ATHENS — Police in Greece said Friday they have seized grenade launchers and other weapons in raids against suspected members of a far-left Turkish armed group.
The raids were carried out at two properties in Athens Thursday against alleged members of Revolutionary People’s Liberation Party-Front, or DHKP-C, a group that is considered a terrorist organization by Turkey, the United States, and the European Union.
Eleven people were arrested in the operation that involved the anti-terrorism division of the police and the National Intelligence Service, authorities said. They were charged Friday with terrorism-linked offenses.

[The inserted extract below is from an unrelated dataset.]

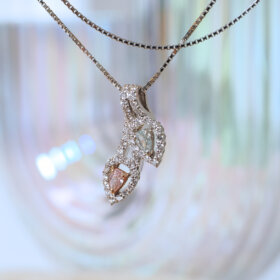 PT/K18PG ブルー・ピンクダイヤモンド プチネックレス 0.122ct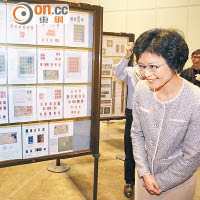 丁葉燕薇昨日參觀郵票展，承認郵政管理上有改善空間。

Their lawyers said the suspects denied the charges
At one raided site, police said they found a makeshift underground storage room and tunnel, spanning a total length of 47 meters (154 feet) that ended in an adjoining vacant lot.
The weapons seized include two anti-tank launchers, two grenade launchers, four handguns and an automatic rifle. Computer and external hard drives and cellphones were also seized. It was unclear how the suspects had been allegedly planning to use the weapons.
DHKP-C is believed to have been present in Greece for years.
Last year, a Greek court cleared of terrorism and criminal arms charges nine people arrested in Athens ahead of a 2017 visit by Turkey’s president and accused of belonging to the group.
In 2014, four Turkish men were arrested in Athens on terrorism-related offences in connection with DHKP-C, after a raid on an apartment that uncovered weapons, explosives and detonators. The operation followed the arrests of five Turks and three Greeks over a speedboat carrying arms that was intercepted in the Aegean Sea.
Originally founded in the late 1970s as Dev Sol, the Marxist-Leninist DHKP-C is believed responsible for a string of assassinations and bombings in Turkey, including a 2013 suicide bomb attack on the U.S. Embassy in Ankara.